Almost two weeks ago to this day, I discovered /r/homelabsales – a swell subreddit where fellow computer geeks are looking to offload old computers … particularly server-grade hardware that they themselves have acquired on the cheap to play around and learn on. Surprisingly enough, the same night I found the subreddit, I also found someone here in Tampa looking to get rid of a nice, little rackmount server – a Dell R610 with dual CPUs and a small amount of RAM that was still 6x what I was running in my old server!
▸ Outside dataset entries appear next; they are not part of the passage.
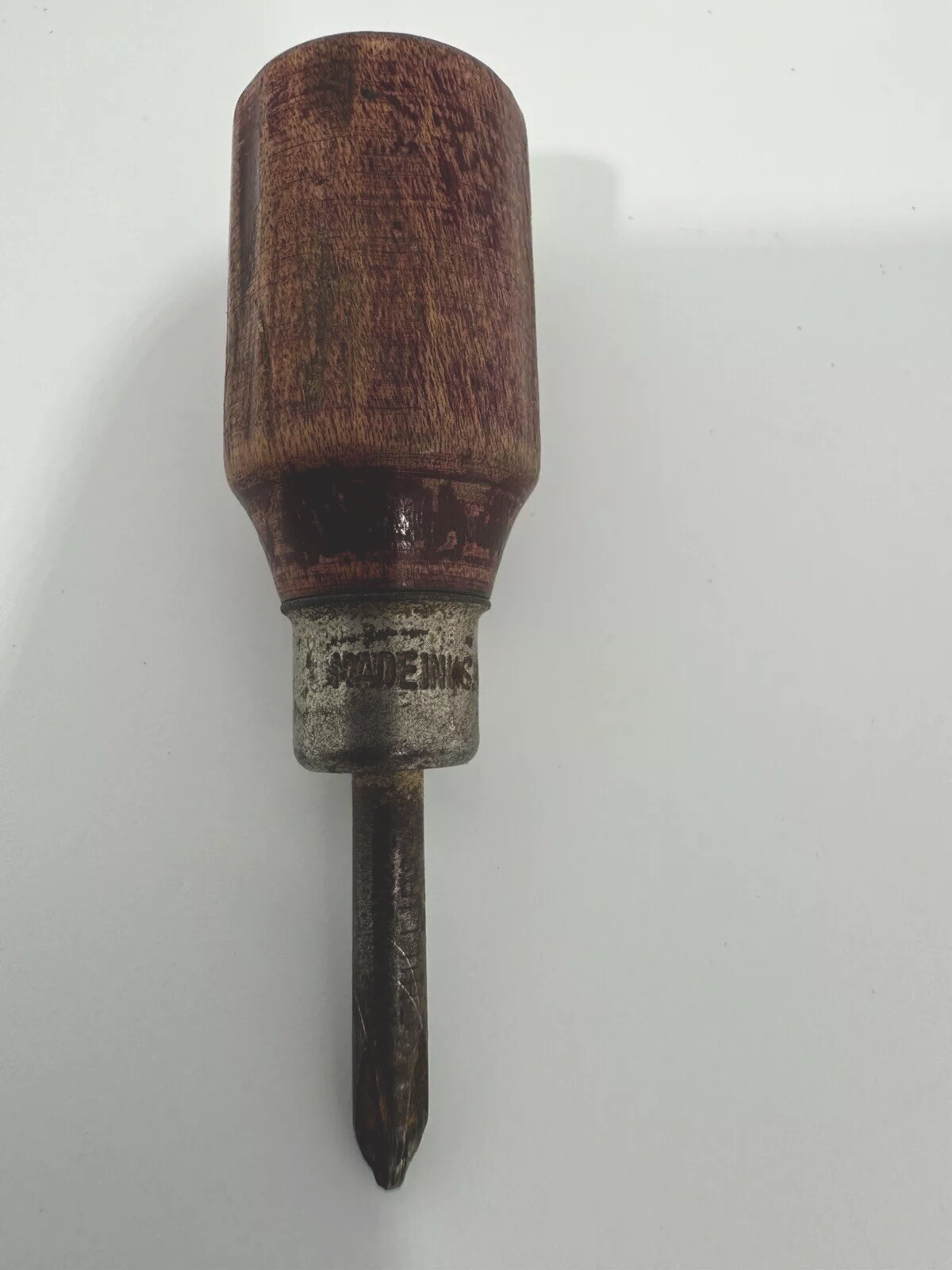 Vintage Wood Handle Phillips Head Screwdriver 3”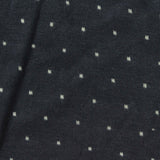 Jacquard Polyester Cotton Knit Fabric, 215 gsm, 170 cm — Navy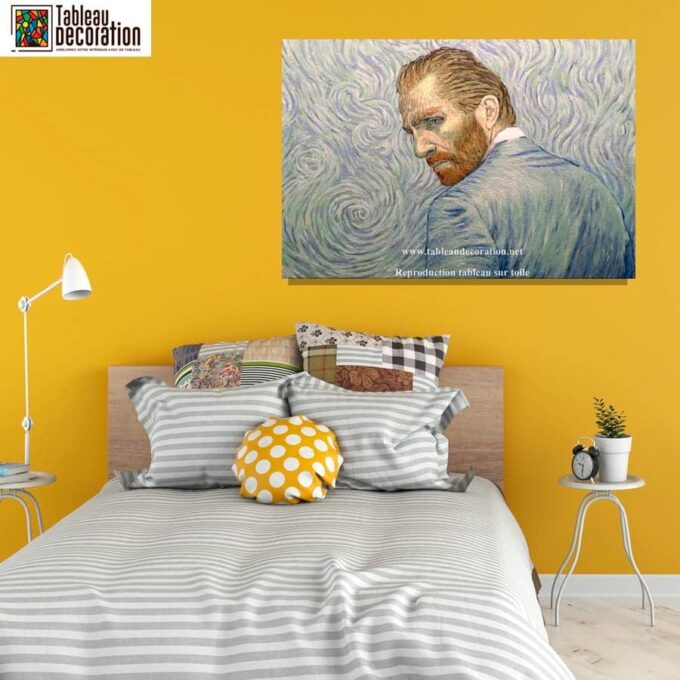 Autorretrato de Van Gogh en Tableau Vincent Van Gogh 105x70 3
The cost of $140 seemed pretty good at a glance, so the next day I met up with the guy and drove home with a new-to-me server whose box filled almost the entire trunk of my car… 😯

Since last week, I’ve given myself a bit of a crash course in virtualization – I’ve used plenty of VMs over the years myself, but I’ve never administered one, so I picked up a free copy of VMware’s free software and started tinkering with it. I definitely made a few mistakes along the way, mostly with regards to oversubscribing resources, but I think that’s mostly all behind us and as I type this now, I’ve migrated the Plex application itself over to its own new VM on my new server and I’m working on moving the various download tools that I use to get my media into their own VM as well.

The plan is basically to turn my old server into a de facto NAS – because its only role going forward will be to house hard drives – which will hopefully help to extend its life a bit longer by offloading all of the downloading and transcoding onto the newer and more robust machine, at least until I’m able to pickup that fancy NAS and retire my old desktop hardware turned home server altogether.

It’s crazy to see how far that thing has grown in only a couple of years! When I first started using Plex back in the fall of 2014, I think I had about 1.5 TB of media almost immediately. Six months later I was up to 20 TB, though things admittedly slowed down a bit from there … at least temporarily. Now 3.5 years later, that storage array is up to about 42 TB across 8 disks – two of which are external USB drives because I physically ran out of SATA ports in the box and the last time I messed with adding a new drive on an expansion card, it wiped out a 4 TB disk without a second glance, so I’m rightfully so a little nervous to touch anything else inside until I’ve started migrating data to a better solution!!!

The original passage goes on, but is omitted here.